Жить. Часть первая

         Они перешли на второй курс института и поженились.  Надя и Влад , веселые и беспечные, рассыпали искорки радости, раздаривали. Глаза лучистые, голоса звонкие! Они были друг другу под стать: ее хрупкость подчеркивала его силу. Ими любовались, встречали и провожали по-доброму. Комнату им дали после свадьбы в общежитии. Отдельную. Счастье!          
             Он музыкант: играет на шести инструментах. Талантливый. Выдающийся. Гений! И красавец. О нем грезят все. Решительно все девушки института! А он однолюб. В его зеленых глазах -- в бездонном море -- отражается только Надин смеющийся взгляд. Его сердце выбрало один путь – к Наде. Счастье!

            Надя посадила его на божничку и сама начала сочинять нехитрый семейно-студенческий быт из содержимого полупустых магазинных прилавков, очередей и шуток. И словно само собой, как у царевны-лягушки, непонятно из чего запекалось нечто в духовке, чтобы было вкусно; пришивалась тесьма на занавески, чтобы было весело глазу; вязался свитер для Влада.

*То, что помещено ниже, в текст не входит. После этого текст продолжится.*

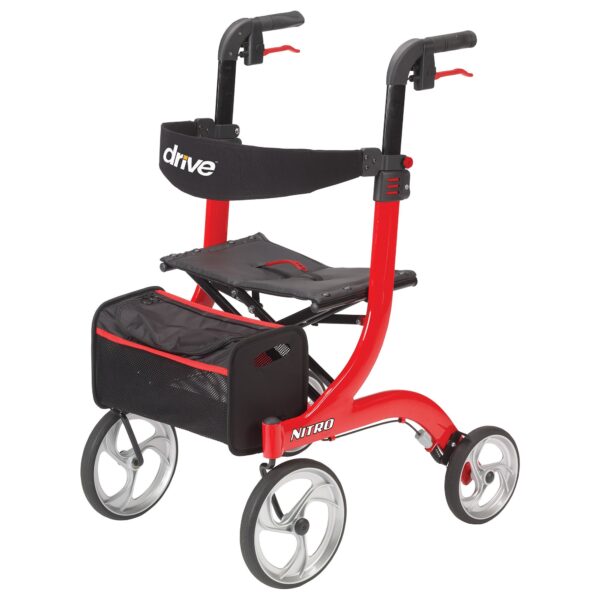 Drive Nitro Four-Wheel Rollator in Red with Adjustable Height Handles and 10-Inch Casters - Image 2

Для Влада! -- чтобы ему было тепло; и себе самой -- белый кружевной воротничок, чтобы нравиться; и сдавался экзамен на пять (непременно на пять!) чтобы ОН! гордился. 
           Без малого год они прожили как один день. Играли в четыре руки на стареньком пианино в пустой аудитории института, пели, сочиняли стихи на ходу и смеялись. Всегда смеялись. Бывало, Влад задерживался где-то до утра. Нет-нет, ничего плохого, заговорились с друзьями, не станут же его всю ночь ждать автобусы. Надя старалась понять, но плакала,  рассматривая свадебные фотографии. Одна. (Ну какая юная жена не плачет, глядя на свою фату и гостей, оставшихся на снимках?) Он же возвращался: живой, здорове-ехонький. Счастье!   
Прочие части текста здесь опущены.